La esplosione di una miriade di soggetti economici sul territorio,
rappresentati dai protagonisti degli innumerevoli sistemi di piccole
e medie imprese disseminate lungo l'intero arco della penisola, ha
determinato la formazione di altrettanti centri decisionali dotati
di grande dinamismo ed impegnati nella continua ricerca di più
ampi spazi.
L'avvento, inoltre, nel Meridione di un nuovo soggetto istituzionale,
quale la regione, anch'essa nata e consolidatasi nella stessa epoca
della espansione del localismo, rappresenta oggettivamente un formidabile
agente di tutela ma anche di sviluppo della nuova realtà economica
nata dalla frantumazione .del sistema produttivo post-bellico.
La esistenza dei soggetti economici e dei soggetti istituzionali tuttavia
non è sufficiente, di per se', ad esorcizzare gli elementi
di rischio presenti nel sistema economico meridionale. Il localismo,
infatti, quale espressione dello sviluppo spontaneo e della presenza
pionieristica dell'imprenditore, sembra abbia esaurito le proprie
potenzialità di crescita.
Al fine di dissipare gli incombenti pericoli di involuzione è
necessario, pertanto, puntare ad un deciso salto di qualità
verso obiettivi di potenziamento delle attività mature - in
termini software a sostegno di un'autonoma presenza sui mercati -
e di integrazione nei settori a media e alta tecnologia e di recupero
delle funzioni terziarie nell'ambito del sistema meridionale.

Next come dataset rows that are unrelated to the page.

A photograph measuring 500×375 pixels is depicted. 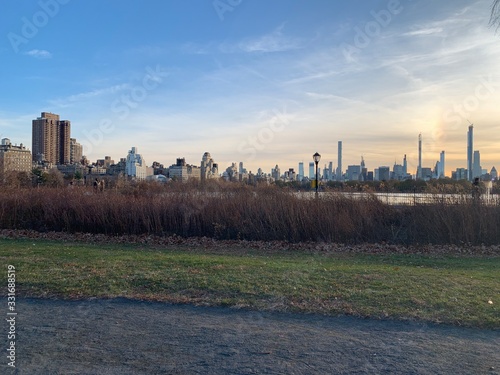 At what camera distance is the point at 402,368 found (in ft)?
14.2

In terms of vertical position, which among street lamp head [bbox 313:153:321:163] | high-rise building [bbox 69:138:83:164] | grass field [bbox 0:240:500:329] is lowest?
grass field [bbox 0:240:500:329]

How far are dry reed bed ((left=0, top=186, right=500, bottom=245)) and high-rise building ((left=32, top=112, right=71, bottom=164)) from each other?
166 ft

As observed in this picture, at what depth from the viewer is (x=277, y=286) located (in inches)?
296

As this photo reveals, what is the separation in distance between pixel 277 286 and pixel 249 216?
11037 mm

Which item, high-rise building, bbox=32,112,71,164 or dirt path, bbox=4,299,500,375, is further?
high-rise building, bbox=32,112,71,164

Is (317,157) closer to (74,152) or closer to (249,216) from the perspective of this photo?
(249,216)

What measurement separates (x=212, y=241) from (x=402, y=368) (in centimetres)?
1308

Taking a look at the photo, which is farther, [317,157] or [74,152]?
[74,152]

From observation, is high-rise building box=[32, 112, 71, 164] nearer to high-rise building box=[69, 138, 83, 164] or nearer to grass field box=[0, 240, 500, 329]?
high-rise building box=[69, 138, 83, 164]

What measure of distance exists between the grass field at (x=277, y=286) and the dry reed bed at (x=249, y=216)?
7.36m

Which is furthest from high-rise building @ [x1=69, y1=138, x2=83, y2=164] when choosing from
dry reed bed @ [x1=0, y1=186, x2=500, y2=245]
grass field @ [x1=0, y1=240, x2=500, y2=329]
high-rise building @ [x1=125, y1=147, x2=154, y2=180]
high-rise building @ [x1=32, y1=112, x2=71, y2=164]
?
grass field @ [x1=0, y1=240, x2=500, y2=329]

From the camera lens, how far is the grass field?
6.32 m

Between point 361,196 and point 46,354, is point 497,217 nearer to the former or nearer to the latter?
point 361,196

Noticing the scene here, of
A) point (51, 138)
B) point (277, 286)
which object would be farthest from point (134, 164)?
point (277, 286) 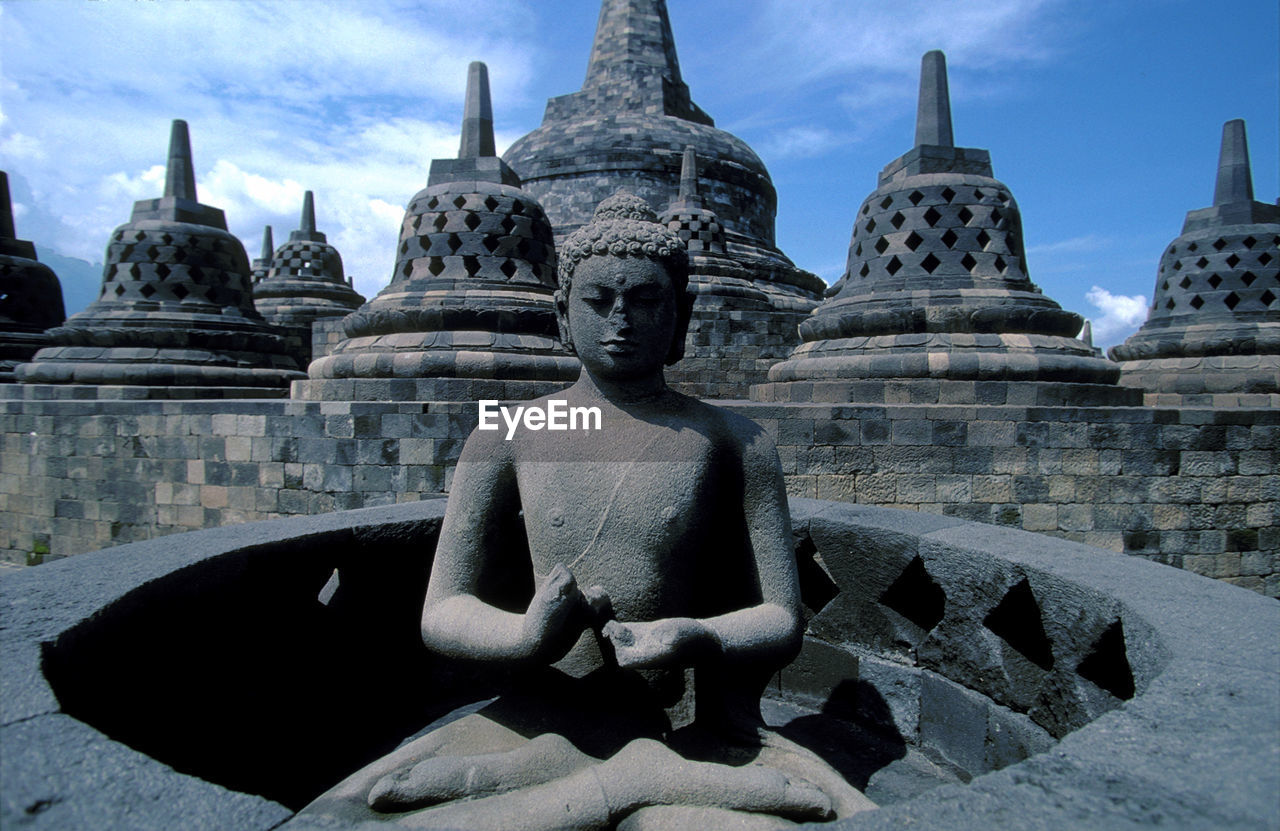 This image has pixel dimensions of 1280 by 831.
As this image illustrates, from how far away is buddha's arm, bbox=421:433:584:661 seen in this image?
5.25ft

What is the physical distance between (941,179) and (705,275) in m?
6.40

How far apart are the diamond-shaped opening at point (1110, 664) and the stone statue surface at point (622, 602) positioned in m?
0.93

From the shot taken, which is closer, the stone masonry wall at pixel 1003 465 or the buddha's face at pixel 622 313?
the buddha's face at pixel 622 313

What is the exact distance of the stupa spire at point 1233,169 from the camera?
827 cm

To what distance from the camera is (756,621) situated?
178 cm

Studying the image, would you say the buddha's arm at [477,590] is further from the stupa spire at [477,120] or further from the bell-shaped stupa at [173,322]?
the bell-shaped stupa at [173,322]

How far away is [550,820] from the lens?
1465 mm

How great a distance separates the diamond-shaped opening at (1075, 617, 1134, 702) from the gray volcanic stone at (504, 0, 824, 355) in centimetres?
1307

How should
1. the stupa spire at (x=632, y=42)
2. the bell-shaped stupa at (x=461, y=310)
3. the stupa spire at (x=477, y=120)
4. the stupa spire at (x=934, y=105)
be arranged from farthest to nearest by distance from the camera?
1. the stupa spire at (x=632, y=42)
2. the stupa spire at (x=477, y=120)
3. the stupa spire at (x=934, y=105)
4. the bell-shaped stupa at (x=461, y=310)

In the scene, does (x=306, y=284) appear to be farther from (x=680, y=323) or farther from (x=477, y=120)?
(x=680, y=323)

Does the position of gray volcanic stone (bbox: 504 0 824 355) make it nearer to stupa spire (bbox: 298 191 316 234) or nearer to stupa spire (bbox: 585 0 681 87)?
stupa spire (bbox: 585 0 681 87)

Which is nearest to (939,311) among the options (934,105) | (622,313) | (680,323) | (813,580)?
(934,105)

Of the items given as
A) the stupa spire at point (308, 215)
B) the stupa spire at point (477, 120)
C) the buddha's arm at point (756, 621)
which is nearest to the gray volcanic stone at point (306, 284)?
the stupa spire at point (308, 215)

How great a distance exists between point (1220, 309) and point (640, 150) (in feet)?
39.1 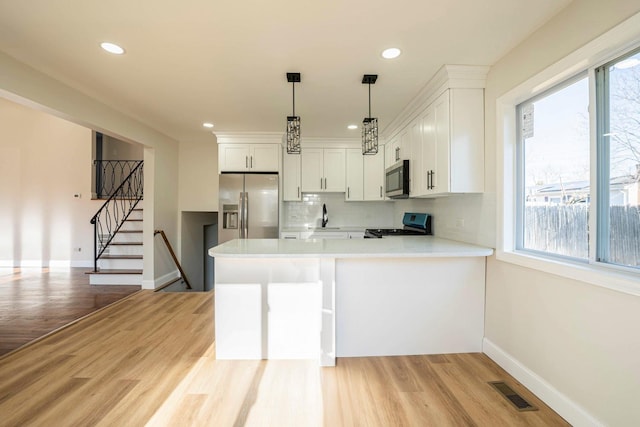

Tale obiettivo, l'unico in grado di ridurre il nuovo emergente gap
di natura tecnologica tra Nord e Sud comporta, in definitiva, il passaggio
dalla crescita spontanea allo sviluppo guidato e presuppone una spiccata
capacità progettuale, programmatica ed operativa di tutti i
soggetti operanti sul territorio: economici, istituzionali, sociali.